The student body is aware of these holes in the Code’s application.  In a survey conducted by the SGA in January, some 33 percent of students supported the Code in principle but believed its practice needs reform, while nearly 60 percent supported it as is. Given that many students support the Code, at least in principle, opening up the possibility of destructive reform to the entire student body on a biennial basis might be dangerous to the integrity of the Code. 

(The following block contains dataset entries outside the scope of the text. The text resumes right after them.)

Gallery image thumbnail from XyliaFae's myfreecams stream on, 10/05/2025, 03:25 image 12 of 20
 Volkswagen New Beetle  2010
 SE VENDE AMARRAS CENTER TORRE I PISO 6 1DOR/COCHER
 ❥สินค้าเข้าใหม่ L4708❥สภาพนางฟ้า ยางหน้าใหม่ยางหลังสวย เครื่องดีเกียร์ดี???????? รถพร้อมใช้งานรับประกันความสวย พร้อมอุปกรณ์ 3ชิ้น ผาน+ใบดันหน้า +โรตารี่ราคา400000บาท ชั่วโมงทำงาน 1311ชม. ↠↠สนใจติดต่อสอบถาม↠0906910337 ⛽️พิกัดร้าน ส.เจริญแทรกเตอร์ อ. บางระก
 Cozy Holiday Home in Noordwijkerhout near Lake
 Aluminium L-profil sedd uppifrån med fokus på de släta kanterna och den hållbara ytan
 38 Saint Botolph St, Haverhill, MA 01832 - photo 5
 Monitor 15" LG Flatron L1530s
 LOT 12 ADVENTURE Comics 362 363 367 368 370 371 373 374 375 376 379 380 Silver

There are some, however, who believe that it is not the Honor Code that has failed us, but it is we who have failed the Honor Code. Perhaps if the student body were to vote to dissolve it, we would be forced to confront the idea that we are not honorable enough to merit this code. We trumpet the Honor Code as both a triumph of moral intelligence and, thereby, a reflection of our own, yet too many of us shirk the responsibilities that it necessitates. It is a privilege to be treated as men and women of integrity, but it is our duty to behave as such. If we abandon the latter, the former goes with it.


Many of the top colleges in the United States boast honor codes. Currently, we are among them, but this bill could change that. While the bill gives students the right to affect what is perhaps the most important policy at our school on a regular basis, an empowerment that the Campus supports, the bill also poses a risk – losing the Honor Code – that does not exceed the reward of gaining the referendum. While we appreciate the opportunity the referendum presents, we fear the consequences of being able to choose the last option. We would like to encourage students to focus on a combination of the first and second options instead. It would be naive to suggest continuing with the Code as is after acknowledging the aforementioned problems in its application, but it is realistic and effective for Middlebury to amend the Code. Let’s revise, not reject, our school’s most important academic life policy to make sure that its practice achieves the goal of academic integrity.